The Black Spiral Dancers

(Werewolf: the Apocalypse.) Hideous mutant werewolf slaves to the Wyrm, the force of Entropy.

The Jammers

(Feng Shui.) Rebels from the Architects’ future who want to destroy all feng shui sites to free humanity from the dominion of chi. (This might have unpleasant side effects, or merely be impossible.) They sometimes ally with Garou eco-terrorists and Marauders, and tend to regard Wyrm-corrupted people as a bit too deranged even for them.

The Marauders

(Mage: the Ascension.) Insane wizards who want to undermine reality itself, granting ultimate freedom to those who can survive in such an environment at the expense of the billions who could not. Individual Marauders have been known to ally with Jammers and Garou. They usually attempt to promote the power of the Wyld.

The Nephandi

(Mage: the Ascension.) Insane wizards who want to destroy reality, possibly taking some time to corrupt it first. Some who can scrape together enough sanity pose as Jammers or Sabbat. They are natural allies of the Black Spiral Dancers in promoting the Wyrm.

The Sabbat

(Vampire: the Masquerade.) Vampires who believe their rightful place is out in the open and on top of the food chain. They act mostly at an unconscious level advancing the goals of the Wyrm and terrorizing the Collective Unconscious.

The Ambivalent

Factions with their own missions who might or might not want to rule the world, but are a bit more tolerable without necessarily being pleasant.

The Four Monarchs

(Feng Shui.) Former rulers of the Earth, in exile in the Netherworld. They shift between different factions as they perceive advantage. Their power bases are largely lost to past critical shifts, but they still have many minions in the Netherworld and incredibly powerful Shaping abilities.

The House of Renunciation

(Unknown Armies.) The House is a magical place (not necessarily correlated with any part of our familiar three-dimensional universe, nor the Netherworld) in which people change, renouncing their past and turning around to follow a new path diametrically opposed to their old one. The House simply inverts the most important aspect of your self-identity, and your return to the mortal world a changed being. Archetypes who have been replaced exit via the House of Renunciation, wearing their old bodies but with heads filled with a jumble of information about the modern era, a shadow of their former omniscient understanding of the universe. They follow the opposite of their former archetype as passionately as they did the archetype before they ascended. Its agents occasionally lure people through the House for their own reasons...

Mak Attax

(Unknown Armies.) Grass-roots Marauders with a much better strategy: rather than inflicting magic on people externally, they’re inflicting it on them by giving it to random customers of fast-food restaurants, working more through the Collective Unconscious than by directly promoting the Wyld.

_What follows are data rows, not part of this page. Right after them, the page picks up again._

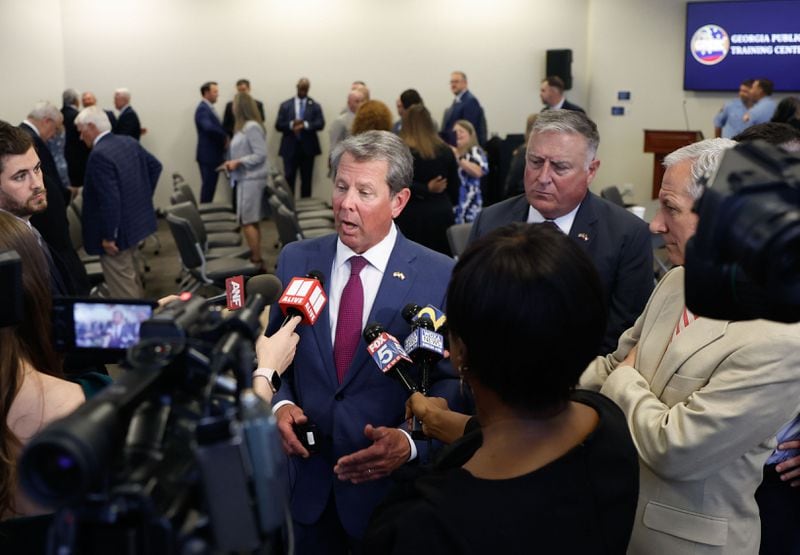 Gov. Brian Kemp speaks to the media after signing multiple bills at the Georgia Public Training Center in Forsyth, Ga. on Wednesday, May 1, 2024. (Natrice Miller/ AJC)
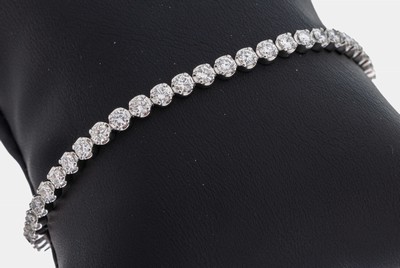 14 kt Gold Brillant-Linienarmband, WG 585/000, 47 Brillanten zus. ca. 4.55 ct (grav.) feines Weiß-Weiß/vs-p, L. ca. 18.3 cm,Kastenschloss mit 2 ...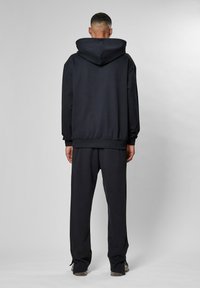 Felpa nera con cappuccio, con orlo e polsini a costine, abbinata a pantaloni coordinati, mostrata da dietro con una finitura liscia e textured.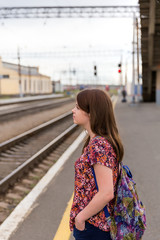 Young girl on train station platform with bags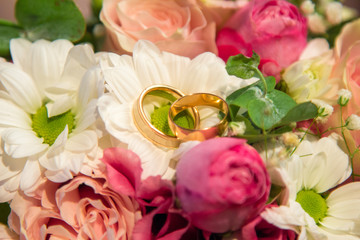 Wedding Rings on beautiful natural flowers bouquet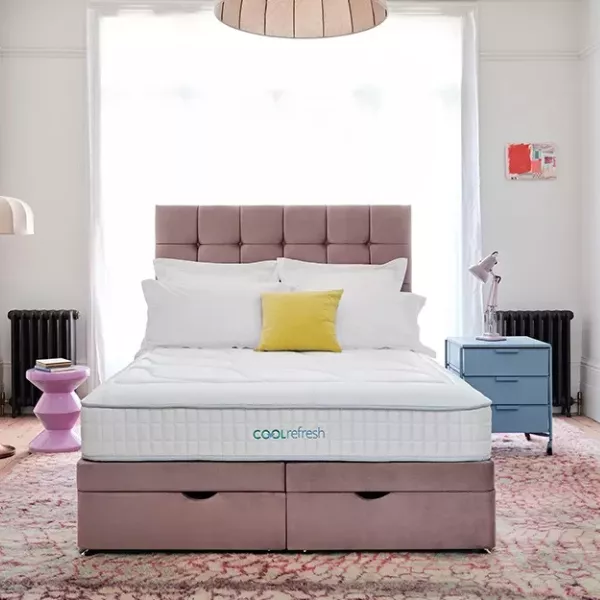 Beige velvet ottoman bed in a bedroom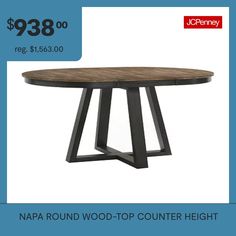 a round wooden table with metal legs and a price tag for $ 399 00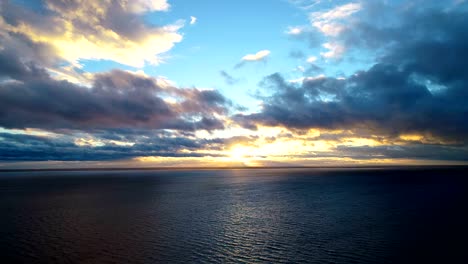 The-flight-above-the-water-on-the-beautiful-sunrise-background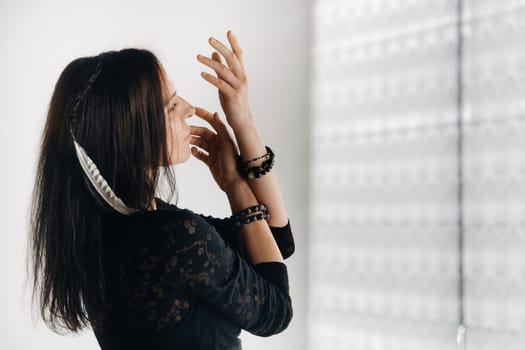 A girl in a black dress moves in a dance on a gray background. Dynamic dance,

The Sect of the Naked Goddess

(Unknown Armies.) The Naked Goddess is a porn star who Ascended to the Invisible Clergy in the middle of a sex act performed before live cameras in the late 1980’s. The Sect is a group of obsessive followers of this Goddess, led by Daphnee Lee, a camerawoman who was on the set when the Naked Goddess Ascended. who are desperately trying to track down as much information about her as possible in order to emulate her. They have quickly developed a form of hedge magic called pornomancy. In the process, they’re attempting to accumulate occult power, and are quite good at following patterns in synchronicity. Thus far they don’t seem to have a larger agenda than seeking power for its own sake, but they may develop one as they become aware of the other players in the game.